▸ Assignment:
What follows is a set of records. Repeat them word for word.

Web page caption snippets
#####

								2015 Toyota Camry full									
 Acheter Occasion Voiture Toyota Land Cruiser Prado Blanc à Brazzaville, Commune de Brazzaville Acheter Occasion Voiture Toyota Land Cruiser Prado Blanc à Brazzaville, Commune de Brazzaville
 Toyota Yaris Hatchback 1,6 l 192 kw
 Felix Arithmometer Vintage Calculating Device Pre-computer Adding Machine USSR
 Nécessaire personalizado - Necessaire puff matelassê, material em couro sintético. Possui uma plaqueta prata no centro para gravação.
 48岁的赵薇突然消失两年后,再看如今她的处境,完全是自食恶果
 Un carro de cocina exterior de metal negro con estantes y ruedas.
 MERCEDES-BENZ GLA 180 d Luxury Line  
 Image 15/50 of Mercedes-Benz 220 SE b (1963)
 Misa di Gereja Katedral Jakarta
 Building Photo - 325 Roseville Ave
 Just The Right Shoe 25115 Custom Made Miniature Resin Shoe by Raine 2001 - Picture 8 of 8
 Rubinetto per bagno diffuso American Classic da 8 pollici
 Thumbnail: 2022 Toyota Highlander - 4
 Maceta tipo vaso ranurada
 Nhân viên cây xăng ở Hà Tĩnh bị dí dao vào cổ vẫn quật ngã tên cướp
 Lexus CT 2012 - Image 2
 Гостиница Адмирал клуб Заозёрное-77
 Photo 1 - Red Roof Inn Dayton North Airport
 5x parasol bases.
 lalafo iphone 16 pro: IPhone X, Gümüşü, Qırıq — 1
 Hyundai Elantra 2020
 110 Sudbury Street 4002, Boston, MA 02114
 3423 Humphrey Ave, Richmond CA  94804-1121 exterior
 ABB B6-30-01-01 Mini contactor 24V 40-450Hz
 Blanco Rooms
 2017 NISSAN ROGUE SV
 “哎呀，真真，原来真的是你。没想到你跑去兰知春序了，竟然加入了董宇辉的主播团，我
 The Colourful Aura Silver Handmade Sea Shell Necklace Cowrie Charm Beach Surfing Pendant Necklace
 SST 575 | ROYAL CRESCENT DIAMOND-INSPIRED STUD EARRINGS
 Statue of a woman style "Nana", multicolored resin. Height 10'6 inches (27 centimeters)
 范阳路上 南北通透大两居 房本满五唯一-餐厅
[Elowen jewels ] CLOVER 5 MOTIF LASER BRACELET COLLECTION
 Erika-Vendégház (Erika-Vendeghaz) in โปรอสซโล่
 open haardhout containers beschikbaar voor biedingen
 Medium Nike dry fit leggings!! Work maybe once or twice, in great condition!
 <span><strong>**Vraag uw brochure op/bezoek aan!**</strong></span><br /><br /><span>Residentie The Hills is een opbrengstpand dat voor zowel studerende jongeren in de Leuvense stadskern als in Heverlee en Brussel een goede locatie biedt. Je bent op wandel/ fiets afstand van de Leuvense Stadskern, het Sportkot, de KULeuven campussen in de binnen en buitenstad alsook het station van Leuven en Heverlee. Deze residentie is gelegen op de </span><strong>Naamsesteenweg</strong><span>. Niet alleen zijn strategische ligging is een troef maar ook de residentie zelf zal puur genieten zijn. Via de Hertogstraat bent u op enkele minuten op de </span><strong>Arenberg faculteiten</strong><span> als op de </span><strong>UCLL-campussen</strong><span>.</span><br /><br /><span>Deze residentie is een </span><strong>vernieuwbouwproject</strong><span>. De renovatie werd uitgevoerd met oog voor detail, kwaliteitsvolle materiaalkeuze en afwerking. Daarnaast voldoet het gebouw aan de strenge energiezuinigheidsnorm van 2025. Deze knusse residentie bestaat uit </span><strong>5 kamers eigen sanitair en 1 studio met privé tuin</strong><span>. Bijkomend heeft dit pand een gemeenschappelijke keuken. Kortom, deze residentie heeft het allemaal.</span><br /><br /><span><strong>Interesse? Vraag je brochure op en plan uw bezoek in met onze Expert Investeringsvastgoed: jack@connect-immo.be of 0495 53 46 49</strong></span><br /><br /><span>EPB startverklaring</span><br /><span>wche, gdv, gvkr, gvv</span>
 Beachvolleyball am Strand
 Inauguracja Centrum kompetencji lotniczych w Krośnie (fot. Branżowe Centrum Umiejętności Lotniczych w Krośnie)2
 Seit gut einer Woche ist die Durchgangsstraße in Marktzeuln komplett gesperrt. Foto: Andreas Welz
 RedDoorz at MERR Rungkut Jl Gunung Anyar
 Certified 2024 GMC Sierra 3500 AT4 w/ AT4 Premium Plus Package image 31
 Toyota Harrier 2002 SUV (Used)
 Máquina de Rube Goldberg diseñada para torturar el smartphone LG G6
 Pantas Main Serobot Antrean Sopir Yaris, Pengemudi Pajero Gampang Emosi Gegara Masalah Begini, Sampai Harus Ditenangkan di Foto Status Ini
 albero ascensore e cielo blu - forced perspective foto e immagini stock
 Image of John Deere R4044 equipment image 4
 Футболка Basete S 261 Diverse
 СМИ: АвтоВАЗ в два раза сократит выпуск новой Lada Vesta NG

#####

▸ Response area:
								2015 Toyota Camry full									
 Acheter Occasion Voiture Toyota Land Cruiser Prado Blanc à Brazzaville, Commune de Brazzaville Acheter Occasion Voiture Toyota Land Cruiser Prado Blanc à Brazzaville, Commune de Brazzaville
 Toyota Yaris Hatchback 1,6 l 192 kw
 Felix Arithmometer Vintage Calculating Device Pre-computer Adding Machine USSR
 Nécessaire personalizado - Necessaire puff matelassê, material em couro sintético. Possui uma plaqueta prata no centro para gravação.
 48岁的赵薇突然消失两年后,再看如今她的处境,完全是自食恶果
 Un carro de cocina exterior de metal negro con estantes y ruedas.
 MERCEDES-BENZ GLA 180 d Luxury Line  
 Image 15/50 of Mercedes-Benz 220 SE b (1963)
 Misa di Gereja Katedral Jakarta
 Building Photo - 325 Roseville Ave
 Just The Right Shoe 25115 Custom Made Miniature Resin Shoe by Raine 2001 - Picture 8 of 8
 Rubinetto per bagno diffuso American Classic da 8 pollici
 Thumbnail: 2022 Toyota Highlander - 4
 Maceta tipo vaso ranurada
 Nhân viên cây xăng ở Hà Tĩnh bị dí dao vào cổ vẫn quật ngã tên cướp
 Lexus CT 2012 - Image 2
 Гостиница Адмирал клуб Заозёрное-77
 Photo 1 - Red Roof Inn Dayton North Airport
 5x parasol bases.
 lalafo iphone 16 pro: IPhone X, Gümüşü, Qırıq — 1
 Hyundai Elantra 2020
 110 Sudbury Street 4002, Boston, MA 02114
 3423 Humphrey Ave, Richmond CA  94804-1121 exterior
 ABB B6-30-01-01 Mini contactor 24V 40-450Hz
 Blanco Rooms
 2017 NISSAN ROGUE SV
 “哎呀，真真，原来真的是你。没想到你跑去兰知春序了，竟然加入了董宇辉的主播团，我
 The Colourful Aura Silver Handmade Sea Shell Necklace Cowrie Charm Beach Surfing Pendant Necklace
 SST 575 | ROYAL CRESCENT DIAMOND-INSPIRED STUD EARRINGS
 Statue of a woman style "Nana", multicolored resin. Height 10'6 inches (27 centimeters)
 范阳路上 南北通透大两居 房本满五唯一-餐厅
[Elowen jewels ] CLOVER 5 MOTIF LASER BRACELET COLLECTION
 Erika-Vendégház (Erika-Vendeghaz) in โปรอสซโล่
 open haardhout containers beschikbaar voor biedingen
 Medium Nike dry fit leggings!! Work maybe once or twice, in great condition!
 <span><strong>**Vraag uw brochure op/bezoek aan!**</strong></span><br /><br /><span>Residentie The Hills is een opbrengstpand dat voor zowel studerende jongeren in de Leuvense stadskern als in Heverlee en Brussel een goede locatie biedt. Je bent op wandel/ fiets afstand van de Leuvense Stadskern, het Sportkot, de KULeuven campussen in de binnen en buitenstad alsook het station van Leuven en Heverlee. Deze residentie is gelegen op de </span><strong>Naamsesteenweg</strong><span>. Niet alleen zijn strategische ligging is een troef maar ook de residentie zelf zal puur genieten zijn. Via de Hertogstraat bent u op enkele minuten op de </span><strong>Arenberg faculteiten</strong><span> als op de </span><strong>UCLL-campussen</strong><span>.</span><br /><br /><span>Deze residentie is een </span><strong>vernieuwbouwproject</strong><span>. De renovatie werd uitgevoerd met oog voor detail, kwaliteitsvolle materiaalkeuze en afwerking. Daarnaast voldoet het gebouw aan de strenge energiezuinigheidsnorm van 2025. Deze knusse residentie bestaat uit </span><strong>5 kamers eigen sanitair en 1 studio met privé tuin</strong><span>. Bijkomend heeft dit pand een gemeenschappelijke keuken. Kortom, deze residentie heeft het allemaal.</span><br /><br /><span><strong>Interesse? Vraag je brochure op en plan uw bezoek in met onze Expert Investeringsvastgoed: jack@connect-immo.be of 0495 53 46 49</strong></span><br /><br /><span>EPB startverklaring</span><br /><span>wche, gdv, gvkr, gvv</span>
 Beachvolleyball am Strand
 Inauguracja Centrum kompetencji lotniczych w Krośnie (fot. Branżowe Centrum Umiejętności Lotniczych w Krośnie)2
 Seit gut einer Woche ist die Durchgangsstraße in Marktzeuln komplett gesperrt. Foto: Andreas Welz
 RedDoorz at MERR Rungkut Jl Gunung Anyar
 Certified 2024 GMC Sierra 3500 AT4 w/ AT4 Premium Plus Package image 31
 Toyota Harrier 2002 SUV (Used)
 Máquina de Rube Goldberg diseñada para torturar el smartphone LG G6
 Pantas Main Serobot Antrean Sopir Yaris, Pengemudi Pajero Gampang Emosi Gegara Masalah Begini, Sampai Harus Ditenangkan di Foto Status Ini
 albero ascensore e cielo blu - forced perspective foto e immagini stock
 Image of John Deere R4044 equipment image 4
 Футболка Basete S 261 Diverse
 СМИ: АвтоВАЗ в два раза сократит выпуск новой Lada Vesta NG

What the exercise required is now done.